Palaeontologists had assumed the distinctive change in development had begun a million or more years ago with Homo erectus, which walked upright.

But a new study of teeth fossils reported in the science journal Nature suggests it was Neanderthals, who roamed the earth only about 120,000 years ago, who were the first to have a human-like long development.

"It seems our prolonged period of growth and development may be a recent evolutionary acquisition that arose in step with a larger, modern human-sized brain and not as we thought with Homo erectus," said Christopher Dean of University College in London.

TEETHING PROBLEMS

Like long lifespan and delayed reproduction, modern humans' prolonged development is a variable that sets us apart from apes.

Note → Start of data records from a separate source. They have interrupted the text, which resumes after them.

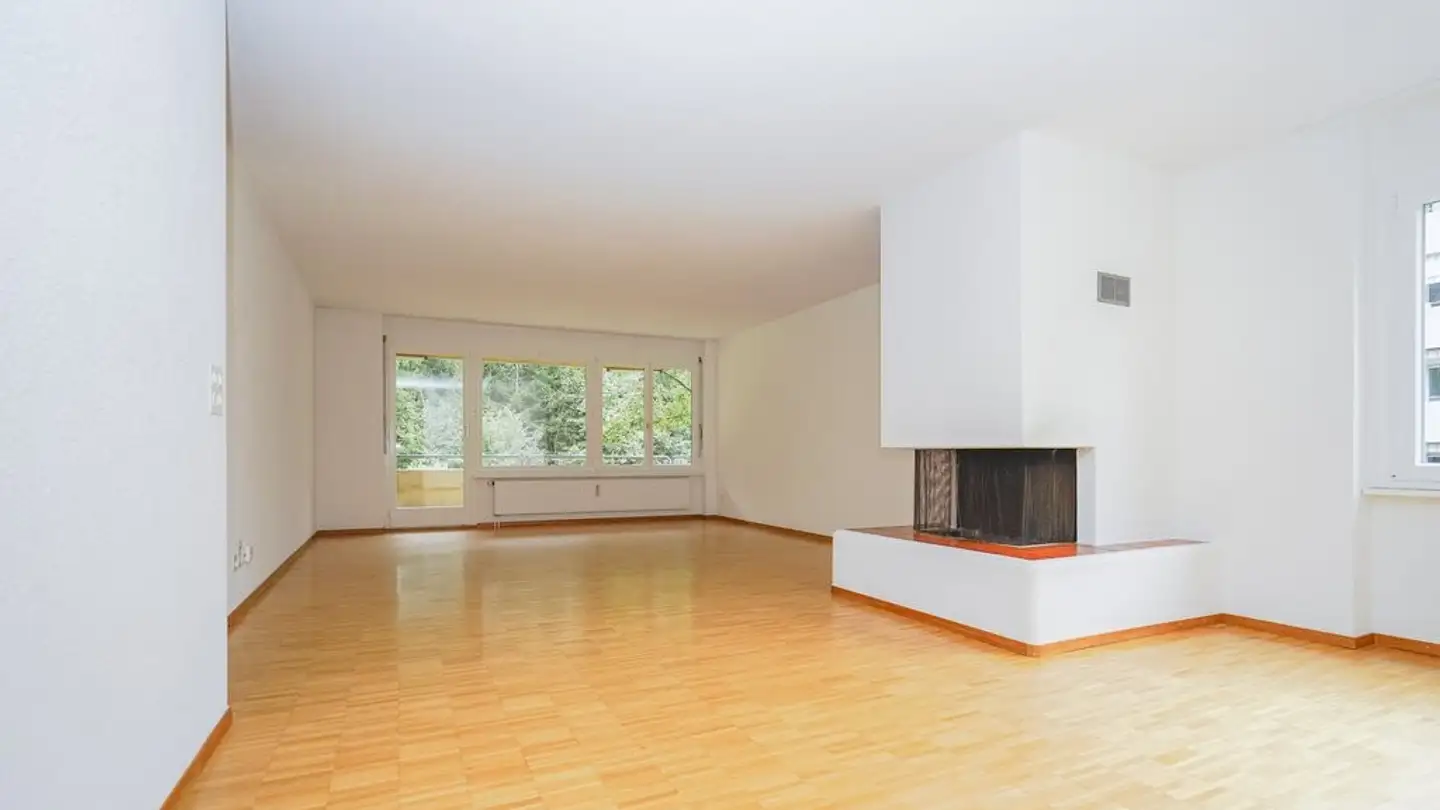 Apartment for rent - Haldenweg 37, 3250 Lyss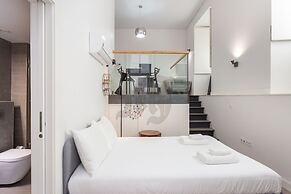 Morgan-Jupiter Apartments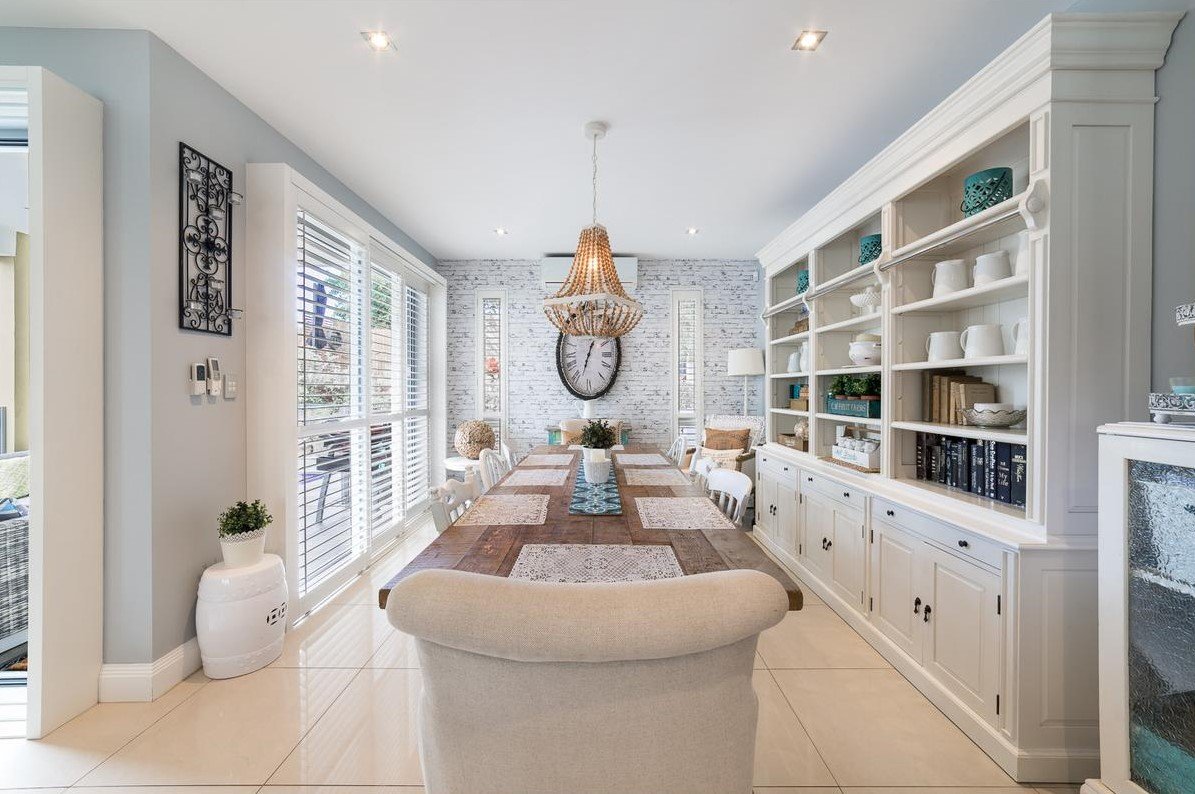 1/1005 Lakeview Terrace BENOWA 5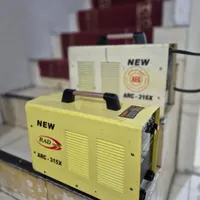 هیلتی دیوالد دستگاه جوش 315آمپر تکفاز دوفاز هوشمند|ابزارآلات|تهران, نواب|دیوار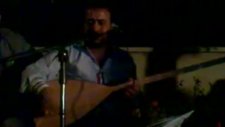 Tufan Altaş - Hasta Düştüm Gurbet Elde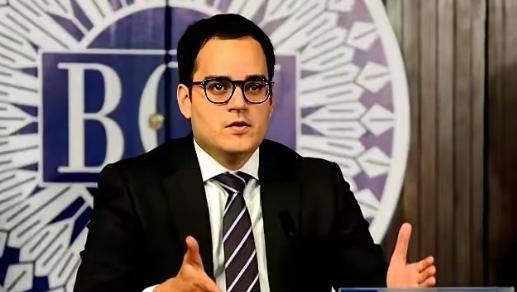 委内瑞拉做了一个大动作。

委内瑞拉这次玩得真大！直接把国家经济命脉，交给了一个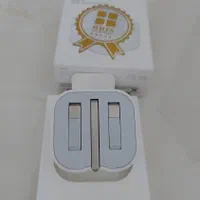 شارژر ایفون اورجینال|لوازم جانبی موبایل و تبلت|مشهد, نوید|دیوار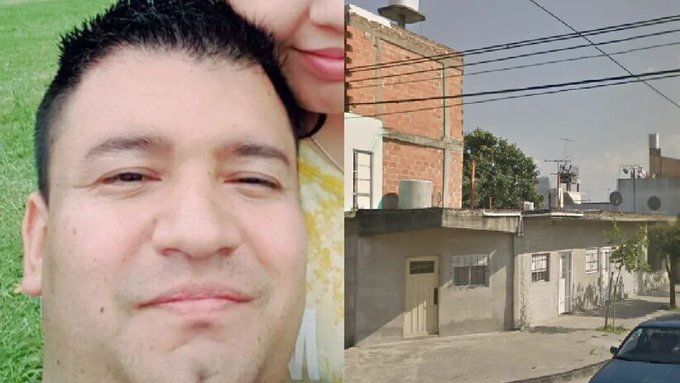 Fabián Aguirre tenía 34 años.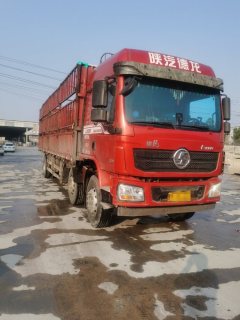 Shacman Delong L3000 270 hp 6X2 9.5 m - фото 1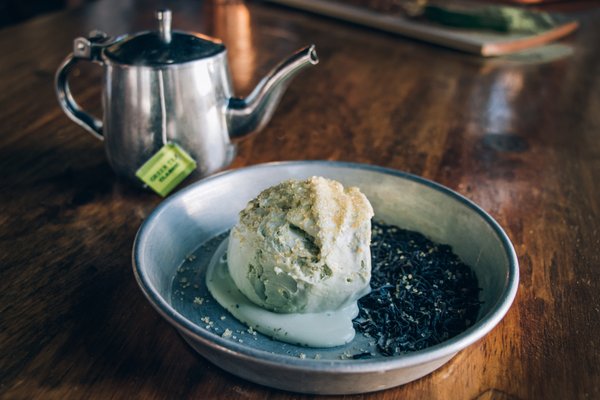 -320° Coffee & Creamery by null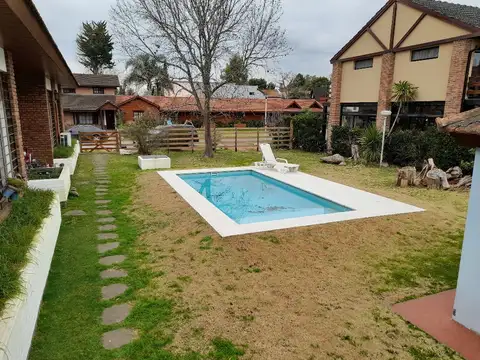 Casa en Venta 20 años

But studying these variables and figuring out when they developed is difficult, which is why Dean and his colleagues used teeth fossils to determine when they occurred.

"Teeth grow in an incremental manner, like trees or shells, and tooth tissues (enamel) preserve a record of their growth in the form of incremental markings," Dean explained.The scientists studied 13 fossil tooth fragments ranging in age from five million years to more recent samples.

They had expected Homo erectus, which had smaller teeth and jaws and was closer in brain and body size to humans, to have the first signs of prolonged growth.

But teeth markings show the shift did not happen until much later - with Neanderthals.The scientists also calculated how long it would have taken teeth belonging to Homo erectus to form and the likely age at which they would have first cut through the gums.

They estimated the first permanent teeth of Homo erectus came through at 4.5 years of age, while in apes they emerge at 3.5 years old but not in modern humans until about six.

The research also changes the estimated age of a Homo erectus skeleton called "Turkana boy" found in Kenya, who scientists had thought was about 12 when he died.

Based on the tooth fossil findings, Dean and his colleagues believe the boy, despite weighing 50 kg (110 lb) and measuring 1.60 metres (5 feet 3 inches), was probably only about eight.

"The brain in Homo erectus was still not modern human-like in its size and given the fact that there is a close link between the length of the growth period and the time it takes to grow and learn to use a large brain, these findings in retrospect fit closely with what had been predicted on the basis of absolute brain size alone," said Dean.